Tidak jarang kontes ala Putri Solo
memang hanya jadi ajang cantik-cantikan. Padahal predikat Putri Solo
sesungguhnya teramat berat. Siapapun yang terpilih menyandang beban berat
karena sosoknya akan dianggap representasi dari wong Solo.

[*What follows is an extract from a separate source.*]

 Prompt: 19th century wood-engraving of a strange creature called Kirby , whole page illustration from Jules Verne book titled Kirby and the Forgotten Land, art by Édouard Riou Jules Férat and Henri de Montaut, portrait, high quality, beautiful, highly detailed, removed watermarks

Tentu tak hanya
seperti yang diilustrasikan di lagu keroncong tadi.
“Mungkin karena persepsi Putri Solo
itu harus luwes, gemulai, cantik, kenes dan sebagai, membuat mereka yang
terpilih ditempatkan sebagau pager ayu, tukang bawa baki saat ada seremonial ya
kang,” kata Kasan.
“La ya to, sudah capek-capek ikut
proses ini dan itu, kok cuma disuruh gituan ya. Apa nggak eman-eman potensi
yang dimiliki,” sahut Murdiyo. Sahut-sahutan antara empat orang kian ramai.
Sesekali Kang Brengos meninggalkan ketiganya karena ada pengunjung lain yang
perlu diladeni.
“Kayaknya sih harus diperjelas dulu ya
seperti apa kriteria Putra Putri Solo itu. Apa benar kriterianya menggambarkan
karakter Wong Solo. Apapun mereka jadi simbol lho meski hanya bawa baki,” kata
Dono yang akhirnya buka suara.
“Saya kok khawatir kalau pun dibuat
kriteria, kriteria Putri Solo itu sarat dengan stereotip seperti di lagu
keroncong tadi yang rasanya juga bias gender,” tambah Kang Brengos.
Debat kusir yang tak ada juntrungnya
itu sepertinya tak akan berakhir jika tak terdengar suara ayam berkokok. Hari
telah bergerak pagi. Denyut kota tak pernah berhenti. Semoga (Putra) Putri Solo
terpilih tak hanya menjadi pajangan seperti putri Keraton di masa lalu.